LOOKING AHEAD: Shawn LaTourette, commissioner of the state Department of Environmental Protection, testifies before a meeting of Senate and Assembly committees about the importance of coastal resilience in N.J. (Supplied Photo)

N.J. Commissioner of Environmental Protection Shawn M. LaTourette testified last week before a joint meeting of the Senate Environment and Energy Committee and the Assembly Environment and Solid Waste Committee about the importance of coastal resilience. LaTourette was one of several speakers to address both committees on what the state can do to address the worsening effects of climate change.

As the commissioner noted, “Climate change is the single greatest threat to our communities, economies and way of life in New Jersey. In its Sixth Assessment Report last year, the United Nations Intergovernmental Panel on Climate Change explained, in no uncertain terms, that climate change is happening now and that its effects will continue to worsen due to the greenhouse gases humankind has already emitted and continues to emit into the atmosphere.

“The IPCC’s 2021 report echoes the findings of our own Department of Environmental Protection in the 2020 New Jersey-specific Scientific Report on Climate Change because the science is clear: Temperatures are increasing, sea levels are rising, and extreme weather is becoming more frequent and intense.”

LaTourette believes all levels of government must make “faster and more considerable changes to reduce global emissions of climate pollutants” to help moderate negative impacts to our communities, the economy, public health and citizens’ daily lives.

The commissioner mentioned Tropical Storm Ida – which begot the deadliest floods in N.J.’s recent history, and 30 deaths – as well the June wildfire in the Pinelands, diminishing crop yields, harmful algal bloom complicating drinking water supplies in Central Jersey and the current statewide drought watch.

“These alarming conditions are precisely what climate scientists, including those at DEP, have been projecting and warning policymakers about,” said LaTourette. “New Jersey’s changing climate is forcing residents and businesses to grapple with a world of worsening extremes: periods of incredibly hot, dry conditions that stress our water supplies, crop yield and public health, situated between periods of frequent and intense rainfalls that overwhelm our aging and undersized infrastructure, causing extreme flooding, destroying property and costing lives.

“We are not yet ready. But, empowered by sound science and a willingness to make wise changes, we can get ready and help our communities, residents and businesses become more resilient to the continuing climate changes that lie ahead.”

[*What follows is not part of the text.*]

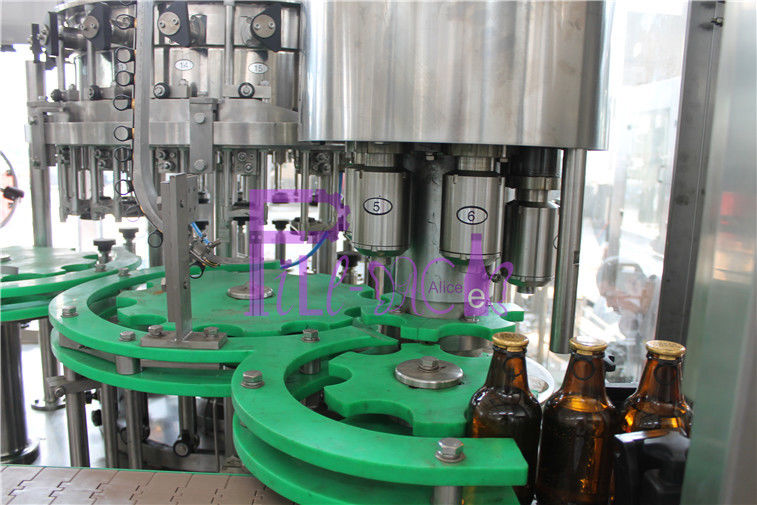 PLC のガラス ビンの引張環の帽子のための日本のビール瓶装置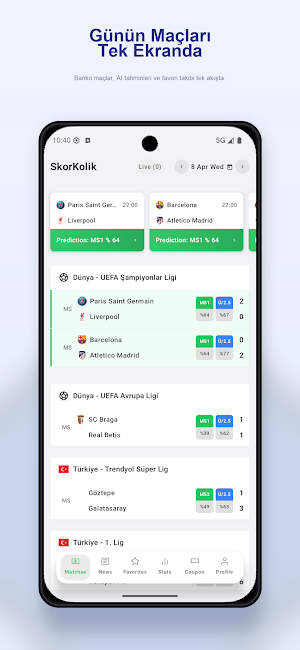 SkorKolik Live Soccer Screenshot 0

Moving forward, the commissioner explained, the state’s climate resilience efforts must focus on at least four key areas: engineered and natural resilience infrastructure for flood control; climate resilience planning to support the development of community-specific, science-based strategies and actions that will protect homes, businesses, critical infrastructure and natural resources; Blue Acres buyouts both as a reactive disaster recovery tool and proactively to help to get families out of harm’s way while creating more storage for increasing flood waters; and modernization of flood standards and stormwater management.

“Through climate resilience planning, wise investment and supportive regulatory reform, we can help all New Jersey communities face the challenges before us,” said LaTourette. “But to meaningfully confront them, leaders must focus on the long-term growth and protection of our communities. We must commit ourselves to actions and investments that will take time to show their benefits – just as a warming climate took time to show us its fury. We must acknowledge that it may not be possible to measure our success in the next budget or on the next ballot. We must have confidence that our success will be measured in the safety, security and resilience we leave our children and the communities they inherit.”